Some pre-built menu controls just open the drop-down to the left instead of the right, if they detect this situation.

How can I test (with JS/jQuery) for this situation?

You can test if a menu item is offscreen with the following function:

/*---   function bIsNodeClippedOrOffscreen returns true if a node
        is offscreen (without scrolling).
        Requires jQuery.
*/
function bIsNodeClippedOrOffscreen (zJnode)
{
    var aDivPos             = zJnode.offset ();
    var iLeftPos            = aDivPos.left;
    var iTopPos             = aDivPos.top;

    var iDivWidth           = zJnode.outerWidth  (true);
    var iDivHeight          = zJnode.outerHeight (true);

    var bOffScreen          = CheckIfPointIsOffScreen (iLeftPos, iTopPos);
    var bClipped            = CheckIfPointIsOffScreen (iLeftPos + iDivWidth, iTopPos + iDivHeight);

    return (bOffScreen || bClipped);
}


function CheckIfPointIsOffScreen (iLeftPos, iTopPos)
{
    var iBrowserWidth       = $(window).width()  - 16;   //-- 16 is fudge for scrollbars, refine later
    var iBrowserHeight      = $(window).height() - 16;   //-- 16 is fudge for scrollbars, refine later
    var bOffScreen          = false;

    if (iLeftPos < 0  ||  iLeftPos >= iBrowserWidth)
        bOffScreen          = true;

    if (iTopPos < 0   ||  iTopPos >= iBrowserHeight)
        bOffScreen          = true;

    return bOffScreen;
}

.
Sample usage:

<li id="SomeMenuItem"> Get your shopping cart for free!
...
...

var Node            = $("#SomeMenuItem");

var NeedToMoveIt    = bIsNodeClippedOrOffscreen (Node);

You must display the element to get the size so display the sub-menu off screen.
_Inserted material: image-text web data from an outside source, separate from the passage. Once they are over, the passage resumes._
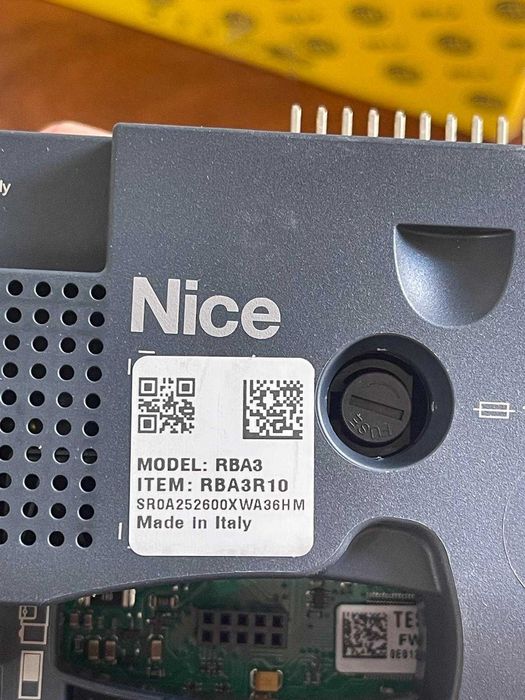 Nice RBA3 – Unitatea de comanda inteligenta pentru porti culisante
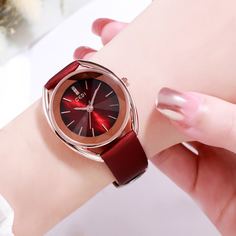 Круглые стрелочные кварцевые часы Shein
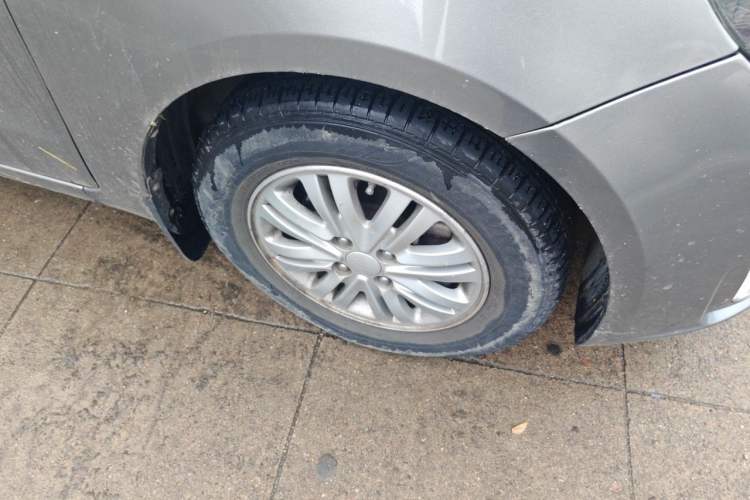 Used Kia K2 2012 Sedan 1.4L Automatic GLS Commemorative Edition Right Front Wheel Hub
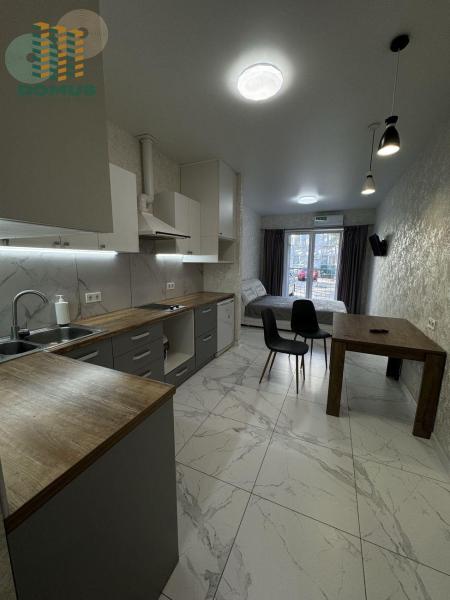 Продам квартиру-студію, ЖК&nbsp;«Золоті&nbsp;Стовпи»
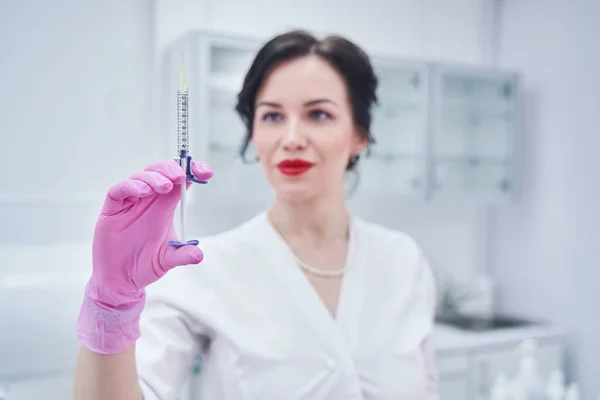 Primer plano de un bonito trabajador médico preparando la jeringa — Foto de Stock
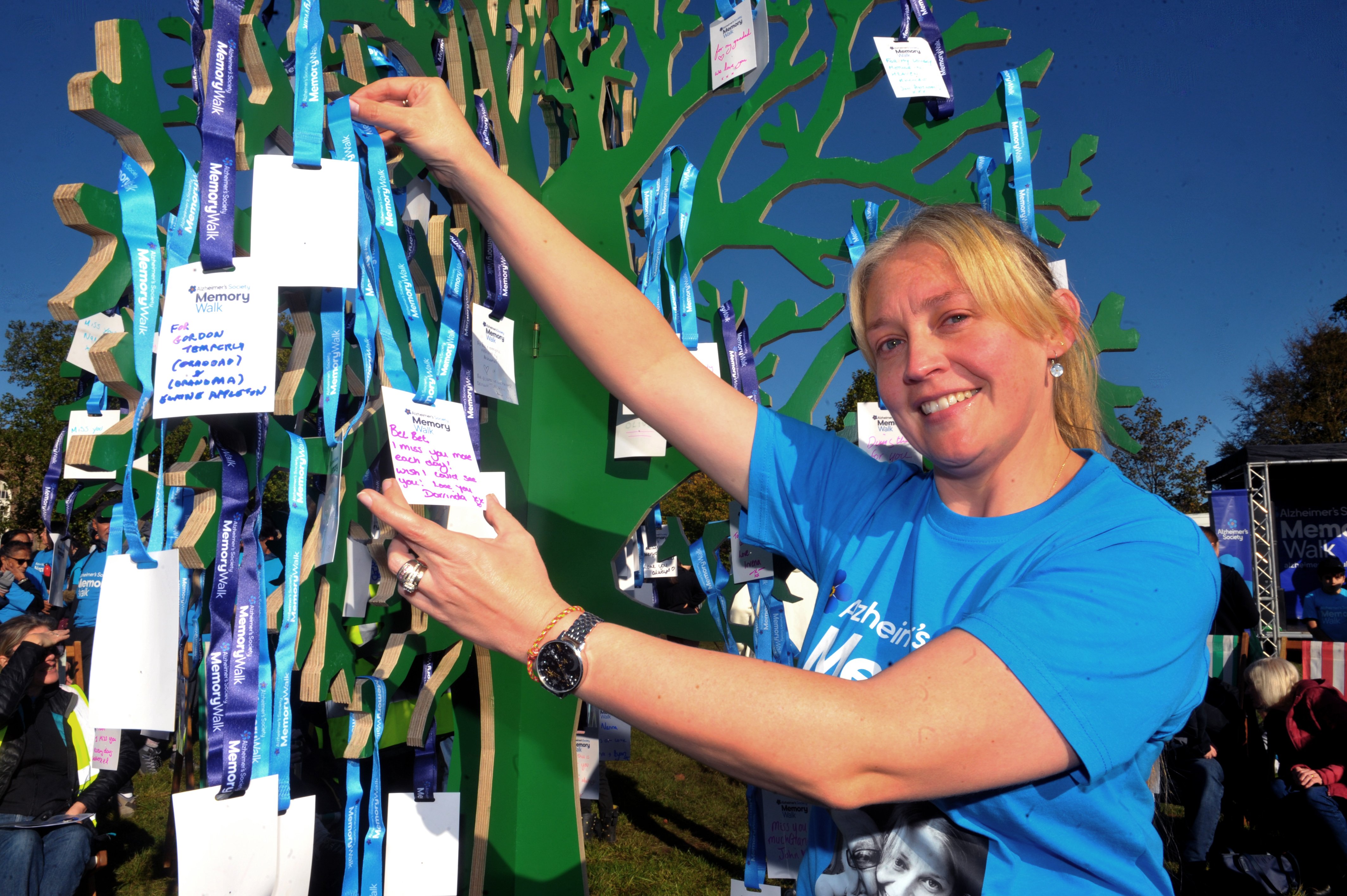 27 wonderful photos as crowds complete Leeds Memory Walk - spot yourself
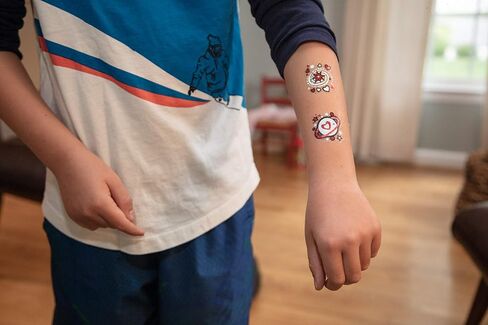 وشم وبطاقات عيد الحب في الفضاء الخارجي للأطفال من موليبي كيدز للفصول المدرسية، 28 وشمًا وبطاقات in Kuwait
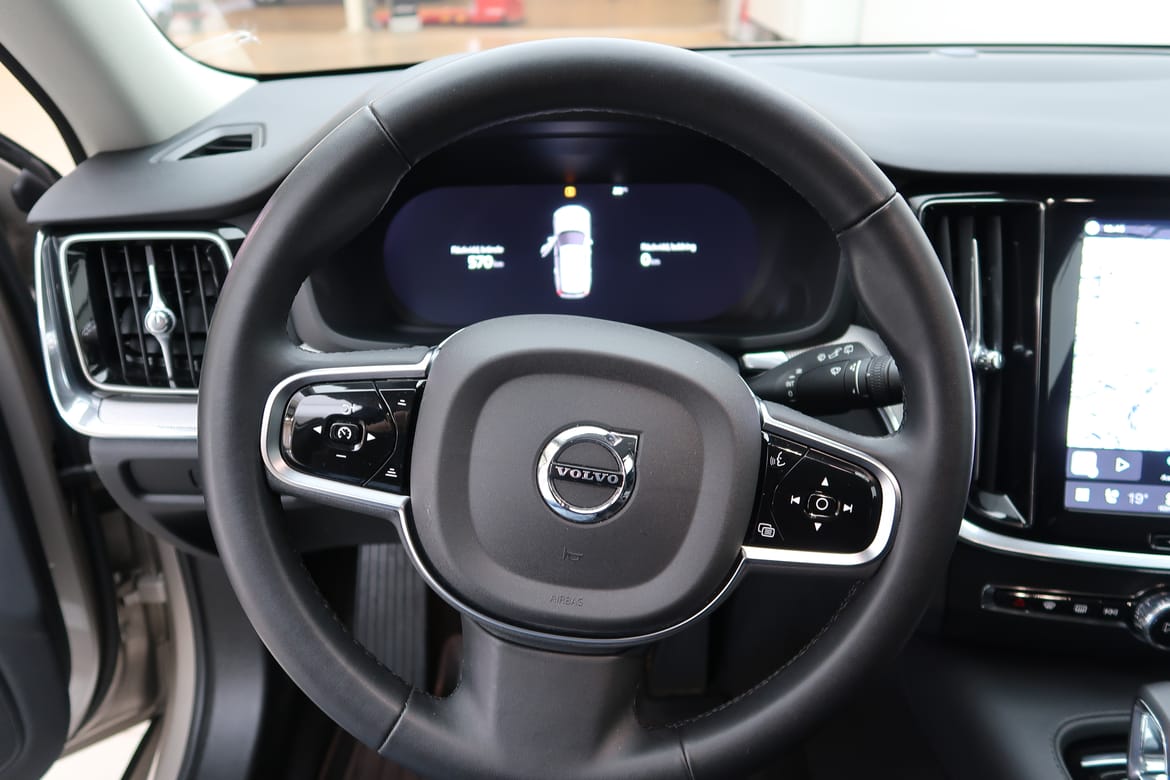 Volvo V60 2025 - miniatyr 9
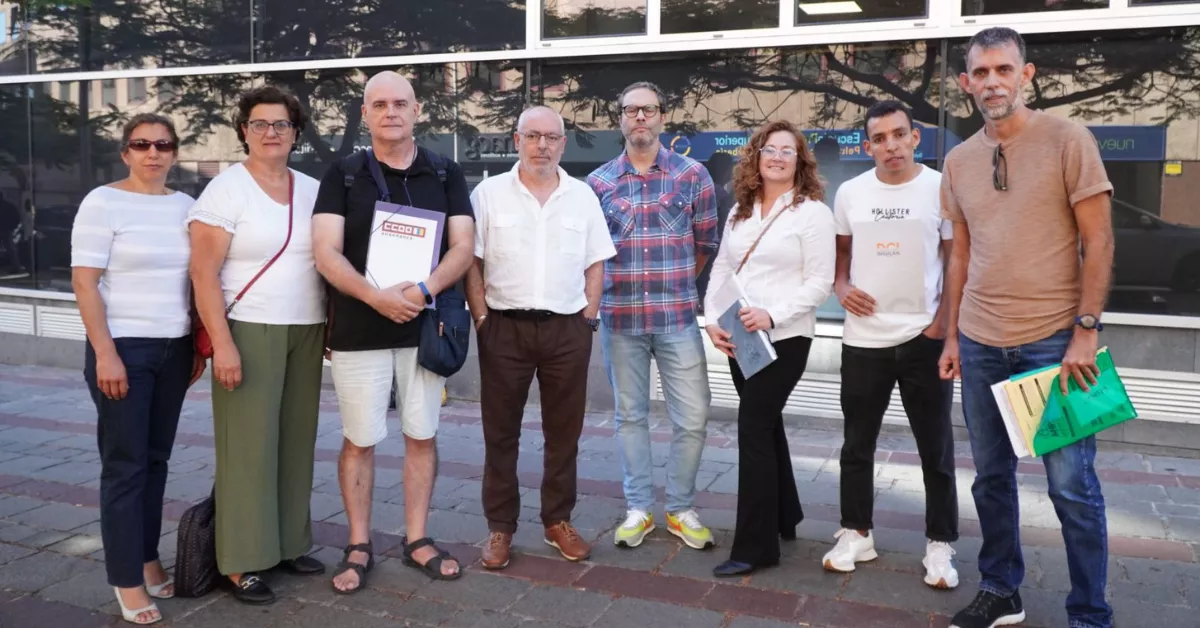 Representantes de los sindicatos que denuncian las altas cargas de trabajo de los profesores de la FP Dual. / CEDIDA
Get the width/height of the element, calculated expected display positions (right/bottom), compare to screen width/height, decide which location to display and move element to final position.

(untested example)

function displaysOffPageRight(defaultLeft){
    $('#submenu1').addClass('displayOffScreen');
    var offPage = defaultLeft + $('#submenu1').width() > screen.width;
    $('#submenu1').removeClass('displayOffScreen');
    return offPage;
}

When the menu is not yet displayed, you can't get its dimensions. to set its position. If you set CSS visibility: hidden and display: none, the menu will not be shown but it will have its dimensions defined. Then you can get it's position using jQuery.offset and its height/width with jQuery.outerWidth/outerHeight (pay attention to the margin options for the latter functions). Oh, and be careful if you are using any negative margins, this would require special handling.

Get the window's dimensions with jQuery(window).height() and .width() and you should be able to figure out the math from there.